* Task to complete *
The line that contains "Купить Босоножки Босоножки Summer shoes FA2202 mix Купить" marks the start. Output it and all remaining lines exactly, through the final line of the listing.

* The data *

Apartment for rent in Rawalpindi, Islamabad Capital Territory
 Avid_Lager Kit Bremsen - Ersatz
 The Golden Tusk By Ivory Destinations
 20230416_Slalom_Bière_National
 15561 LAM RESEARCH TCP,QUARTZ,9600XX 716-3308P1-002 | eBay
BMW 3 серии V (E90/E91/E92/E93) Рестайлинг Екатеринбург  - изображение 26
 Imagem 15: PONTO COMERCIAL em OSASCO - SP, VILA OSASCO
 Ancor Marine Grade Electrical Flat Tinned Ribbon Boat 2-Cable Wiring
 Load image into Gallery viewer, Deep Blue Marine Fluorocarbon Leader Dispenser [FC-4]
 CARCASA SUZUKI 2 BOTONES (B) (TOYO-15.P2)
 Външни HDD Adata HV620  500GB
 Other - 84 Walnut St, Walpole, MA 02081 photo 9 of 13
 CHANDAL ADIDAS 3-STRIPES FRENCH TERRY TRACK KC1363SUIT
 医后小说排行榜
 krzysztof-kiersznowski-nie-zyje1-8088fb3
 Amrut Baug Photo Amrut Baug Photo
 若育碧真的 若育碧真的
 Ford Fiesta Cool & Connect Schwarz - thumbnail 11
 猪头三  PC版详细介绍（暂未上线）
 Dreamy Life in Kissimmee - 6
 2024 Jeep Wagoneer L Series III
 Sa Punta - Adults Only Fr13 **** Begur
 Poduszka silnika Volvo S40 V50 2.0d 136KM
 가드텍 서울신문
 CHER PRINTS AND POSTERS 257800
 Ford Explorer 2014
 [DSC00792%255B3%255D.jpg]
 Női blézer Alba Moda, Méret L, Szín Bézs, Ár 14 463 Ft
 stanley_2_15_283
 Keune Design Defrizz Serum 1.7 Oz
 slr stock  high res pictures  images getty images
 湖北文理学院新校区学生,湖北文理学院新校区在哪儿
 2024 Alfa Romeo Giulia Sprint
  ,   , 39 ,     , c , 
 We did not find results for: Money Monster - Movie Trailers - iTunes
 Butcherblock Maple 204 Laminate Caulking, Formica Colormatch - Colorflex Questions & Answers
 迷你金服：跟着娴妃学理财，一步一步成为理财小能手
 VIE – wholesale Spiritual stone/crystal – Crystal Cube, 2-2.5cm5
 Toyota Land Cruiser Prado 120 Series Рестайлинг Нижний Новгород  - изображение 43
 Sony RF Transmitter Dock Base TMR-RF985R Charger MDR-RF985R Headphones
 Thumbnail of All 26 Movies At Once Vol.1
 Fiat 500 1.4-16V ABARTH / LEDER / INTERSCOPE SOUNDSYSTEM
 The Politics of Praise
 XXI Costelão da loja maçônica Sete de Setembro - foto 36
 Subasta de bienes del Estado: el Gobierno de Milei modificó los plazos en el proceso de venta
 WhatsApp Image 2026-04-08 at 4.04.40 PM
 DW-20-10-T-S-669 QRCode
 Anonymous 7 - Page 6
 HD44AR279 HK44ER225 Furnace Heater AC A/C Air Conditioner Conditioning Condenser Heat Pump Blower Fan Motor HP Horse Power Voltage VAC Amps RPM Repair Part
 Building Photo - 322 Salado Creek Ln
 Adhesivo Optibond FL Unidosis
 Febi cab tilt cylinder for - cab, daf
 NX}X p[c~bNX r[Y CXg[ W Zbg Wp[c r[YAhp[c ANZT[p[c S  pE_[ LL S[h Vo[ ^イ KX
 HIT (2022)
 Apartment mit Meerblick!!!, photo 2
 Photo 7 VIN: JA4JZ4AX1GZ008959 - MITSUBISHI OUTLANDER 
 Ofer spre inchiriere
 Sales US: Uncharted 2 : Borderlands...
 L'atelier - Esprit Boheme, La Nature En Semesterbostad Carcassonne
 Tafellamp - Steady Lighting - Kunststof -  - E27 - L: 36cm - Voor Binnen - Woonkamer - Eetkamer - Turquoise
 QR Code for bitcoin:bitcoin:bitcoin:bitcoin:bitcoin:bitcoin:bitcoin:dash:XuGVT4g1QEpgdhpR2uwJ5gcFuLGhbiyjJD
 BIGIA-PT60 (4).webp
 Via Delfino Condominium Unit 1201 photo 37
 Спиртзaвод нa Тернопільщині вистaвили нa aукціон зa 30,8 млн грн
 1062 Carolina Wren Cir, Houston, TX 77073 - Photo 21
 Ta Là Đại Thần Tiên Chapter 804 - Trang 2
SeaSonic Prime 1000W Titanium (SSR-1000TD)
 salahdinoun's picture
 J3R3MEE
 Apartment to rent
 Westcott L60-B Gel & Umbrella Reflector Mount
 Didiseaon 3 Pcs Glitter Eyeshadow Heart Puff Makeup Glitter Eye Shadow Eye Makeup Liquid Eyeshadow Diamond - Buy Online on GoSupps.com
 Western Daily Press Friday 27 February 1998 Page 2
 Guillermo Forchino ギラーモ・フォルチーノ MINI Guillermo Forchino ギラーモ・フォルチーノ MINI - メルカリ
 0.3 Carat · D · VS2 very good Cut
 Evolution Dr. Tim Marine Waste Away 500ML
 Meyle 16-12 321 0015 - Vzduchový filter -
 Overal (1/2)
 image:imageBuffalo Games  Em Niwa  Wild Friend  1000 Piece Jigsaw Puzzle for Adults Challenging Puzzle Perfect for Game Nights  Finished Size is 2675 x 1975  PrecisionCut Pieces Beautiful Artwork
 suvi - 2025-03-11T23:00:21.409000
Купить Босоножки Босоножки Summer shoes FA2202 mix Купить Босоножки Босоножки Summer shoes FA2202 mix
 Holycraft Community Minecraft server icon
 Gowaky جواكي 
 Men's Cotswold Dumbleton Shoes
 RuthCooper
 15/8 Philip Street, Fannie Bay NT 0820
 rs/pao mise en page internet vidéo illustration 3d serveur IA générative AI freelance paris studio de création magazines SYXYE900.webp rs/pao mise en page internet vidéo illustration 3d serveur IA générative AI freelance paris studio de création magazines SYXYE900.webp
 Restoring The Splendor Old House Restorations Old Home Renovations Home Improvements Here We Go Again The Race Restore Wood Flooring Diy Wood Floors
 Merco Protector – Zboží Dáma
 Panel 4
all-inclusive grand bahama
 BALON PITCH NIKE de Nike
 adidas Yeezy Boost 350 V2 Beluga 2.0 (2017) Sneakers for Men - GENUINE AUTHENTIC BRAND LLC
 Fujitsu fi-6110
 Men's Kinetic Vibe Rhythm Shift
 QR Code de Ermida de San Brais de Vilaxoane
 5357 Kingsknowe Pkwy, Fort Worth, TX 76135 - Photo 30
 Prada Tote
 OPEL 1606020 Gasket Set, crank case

* Result of the task *
Купить Босоножки Босоножки Summer shoes FA2202 mix Купить Босоножки Босоножки Summer shoes FA2202 mix
 Holycraft Community Minecraft server icon
 Gowaky جواكي 
 Men's Cotswold Dumbleton Shoes
 RuthCooper
 15/8 Philip Street, Fannie Bay NT 0820
 rs/pao mise en page internet vidéo illustration 3d serveur IA générative AI freelance paris studio de création magazines SYXYE900.webp rs/pao mise en page internet vidéo illustration 3d serveur IA générative AI freelance paris studio de création magazines SYXYE900.webp
 Restoring The Splendor Old House Restorations Old Home Renovations Home Improvements Here We Go Again The Race Restore Wood Flooring Diy Wood Floors
 Merco Protector – Zboží Dáma
 Panel 4
all-inclusive grand bahama
 BALON PITCH NIKE de Nike
 adidas Yeezy Boost 350 V2 Beluga 2.0 (2017) Sneakers for Men - GENUINE AUTHENTIC BRAND LLC
 Fujitsu fi-6110
 Men's Kinetic Vibe Rhythm Shift
 QR Code de Ermida de San Brais de Vilaxoane
 5357 Kingsknowe Pkwy, Fort Worth, TX 76135 - Photo 30
 Prada Tote
 OPEL 1606020 Gasket Set, crank case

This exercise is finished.